The only thing that I found hard to work around about the interaction was that she rarely asked questions of me and when she did, she did not give me much time to fully answer before she interrupted with a (long) comment of her own. (I asked a lot of questions about her because I was genuinely interested to learn about her life.) But aside from this, I think she's decently socially aware. There are pauses in our conversation and I usually ask a question related to what we were talking about or one about a different subject.
I'm also not sure how well she does paying attention to and discussing deeper and more involved topics (e.g.* how people work/their motives, psychology, the theory behind personality types, highly sensitive people [HSPs]). If she can't talk about stuff on that level, then I question how well my time is being spent and will probably rather do work on my laptop which I will have to get done anyway.

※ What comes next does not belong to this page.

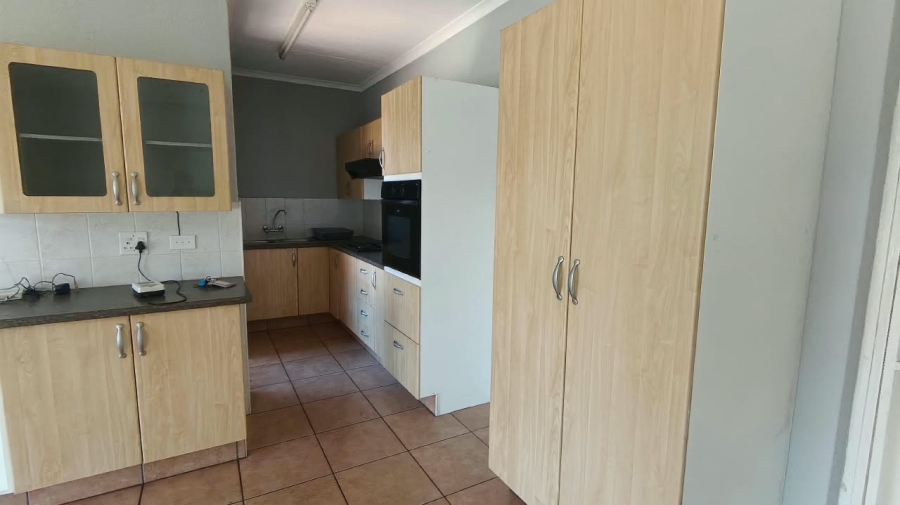 2 Bedroom Property for Sale in Three Rivers East Gauteng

*All of which I am extremely interested in and like to do research on in my free time.
Still, I don't think that this is a good way to establish a mutually satisfying friendship. Ideally, a mutually satisfying (rather than sufficient) friendship would consist of both parties discussing topics that they both enjoy exploring and both representing about 45-65% of the words spoken.
Other Relevant Details
She is deeply interested in Minecraft (I read that people with Asperger's tend to be deeply interested in narrow topics) and I have never played and have no interest to begin. So our topics of common interest are sparse.
She also has stomach problems, so she spends most of her day on the couch (doing school or playing Minecraft).
We are in high school and I am a senior and she is a freshman.
I would like to pursue a friendship with this girl, but I would like to talk about the things that interest me as well, not just about her. QUESTION: Is there a way that I can get her to let me talk during our conversations and steer it towards less superficial things?